The assay was performed in two independent experiments both with and without liver microsomal activation according to OECD471. Each concentration and the controls were tested in triplicate. The test item was tested at the following concentrations:

Pre-Experiment/Experiment I: 3; 10; 33; 100; 333; 1000; 2500; and 5000 μg/plate

Experiment II: 33; 100; 333; 1000; 2500; and 5000 μg/plate

The plates incubated with the test item showed normal background growth up to 5000 μg/plate with and without S9 mix in both experiments.

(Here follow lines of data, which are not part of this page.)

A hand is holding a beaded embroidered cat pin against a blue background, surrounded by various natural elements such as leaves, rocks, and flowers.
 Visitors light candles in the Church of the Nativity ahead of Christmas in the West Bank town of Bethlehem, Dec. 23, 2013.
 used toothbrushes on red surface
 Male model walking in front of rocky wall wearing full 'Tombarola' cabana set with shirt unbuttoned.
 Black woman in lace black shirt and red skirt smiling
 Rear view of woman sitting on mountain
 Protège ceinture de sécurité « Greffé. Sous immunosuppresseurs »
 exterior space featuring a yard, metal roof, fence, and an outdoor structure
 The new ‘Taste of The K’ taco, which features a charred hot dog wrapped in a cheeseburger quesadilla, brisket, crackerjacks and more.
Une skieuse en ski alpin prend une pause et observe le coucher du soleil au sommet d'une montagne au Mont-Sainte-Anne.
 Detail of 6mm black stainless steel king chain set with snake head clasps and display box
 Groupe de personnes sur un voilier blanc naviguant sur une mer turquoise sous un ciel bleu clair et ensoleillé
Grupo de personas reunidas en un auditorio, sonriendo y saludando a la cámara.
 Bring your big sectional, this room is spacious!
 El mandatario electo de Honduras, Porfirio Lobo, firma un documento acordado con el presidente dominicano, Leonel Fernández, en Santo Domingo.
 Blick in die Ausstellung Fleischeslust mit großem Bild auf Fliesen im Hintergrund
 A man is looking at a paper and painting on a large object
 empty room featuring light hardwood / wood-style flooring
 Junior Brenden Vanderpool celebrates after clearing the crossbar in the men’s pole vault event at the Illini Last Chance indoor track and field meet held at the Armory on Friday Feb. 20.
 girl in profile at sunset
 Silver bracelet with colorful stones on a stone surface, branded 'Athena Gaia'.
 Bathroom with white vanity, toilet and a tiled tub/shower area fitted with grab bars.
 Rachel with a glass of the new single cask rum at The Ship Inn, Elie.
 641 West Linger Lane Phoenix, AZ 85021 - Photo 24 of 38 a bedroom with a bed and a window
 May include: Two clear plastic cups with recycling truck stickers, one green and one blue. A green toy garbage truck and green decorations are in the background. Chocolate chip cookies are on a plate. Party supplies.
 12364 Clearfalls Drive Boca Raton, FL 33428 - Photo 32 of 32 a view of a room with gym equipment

A minor reduction in the number of revertants (below the indication factor of 0.5), was observed In strain WP2 uvrA at 5000 μg/plates in experiment I without S9 mix and in experiment II with S9 mix. No further toxic effects, evident as a reduction in the number of revertants (below the indication factor of 0.5), occurred in the test groups with and without metabolic activation.

No substantial increase in revertant colony numbers of any of the five tester strains was observed following treatment with test item at any dose level applied, neither in the presence nor in the absence of metabolic activation (S9 mix).

Appropriate reference mutagens were used as positive controls. They showed a distinct increase of induced revertant colonies.

During the described mutagenicity test and under the experimental conditions reported, the test item did not induce gene mutations by base pair changes or frameshifts in the genome of the strains used.

Therefore, the test item is considered to be non-mutagenic in this Salmonella typhimurium and Escherichia coli reverse mutation assay.